If happiness consisted of personal self-realization, accomplishment and a sense of moral connectedness, and a machine could provide an interactive virtual world—or an artistic medium within which one could achieve these things, of course I would. Imagine a world without drudgery where the potential for artistic collaboration, and the liberation of the human imagination could create elaborate live-in architectures, game worlds, economies and social systems that would otherwise be physically or practically impossible.
But, on second thought, its inevitable that whenever there is a reliable pleasure in this world, there will always be those who feel it their God-appointed duty to take it away from you. In their view, any form of pleasure that competes with their notions of “God’s Plan” will be regarded as a temptation, a vice, and a sinful lifestyle that can not be allowed.
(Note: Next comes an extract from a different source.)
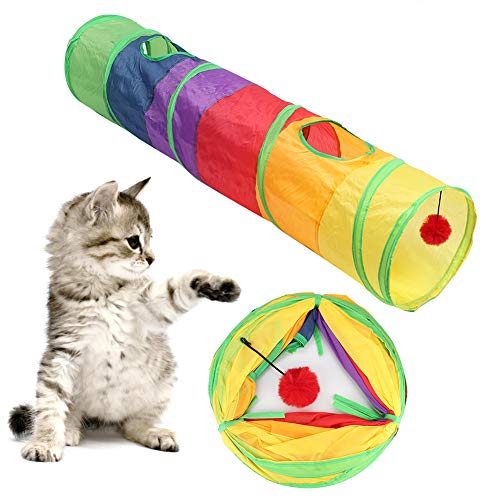 Mokylor Katzentunnel für Hauskatzen, S-förmige Peekaboo-Katzenhöhle mit Katzenspielzeug, Zusammenklappbares Katzenspielspielzeug für Puzzleübungen, Verstecktraining und Laufen mit Einem Roten Spaßball von Mokylor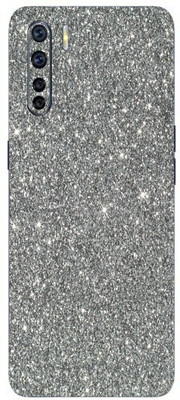 AsSkin Oppo F15 Mobile Skin(Ultra Super Shinig Silver Glitter Matte Matte Finish With High Gloss Finish).)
Human versions of paradise can never be allowed to compete with the believer’s heaven, much less be actualized or regarded as a legitimate personal choice. So, religious killjoys can be counted upon to demonize the enterprise and make it illegal, ensuring that, at some point, you will be ripped from your pleasure machine, no doubt after you have grown long accustomed and adapted to it. And, of course they will feel the need to punish you for placing your own value choices above theirs, no doubt subjecting you to the unimaginable and pointless privations of prison, the way they do now with drug offenders.
But then again, after being radicalized by such an experience, one could take great pleasure in making sure that what goes around comes around. After all, if a machine can create great pleasure, it can also create inescapable prisons of unrelenting misery.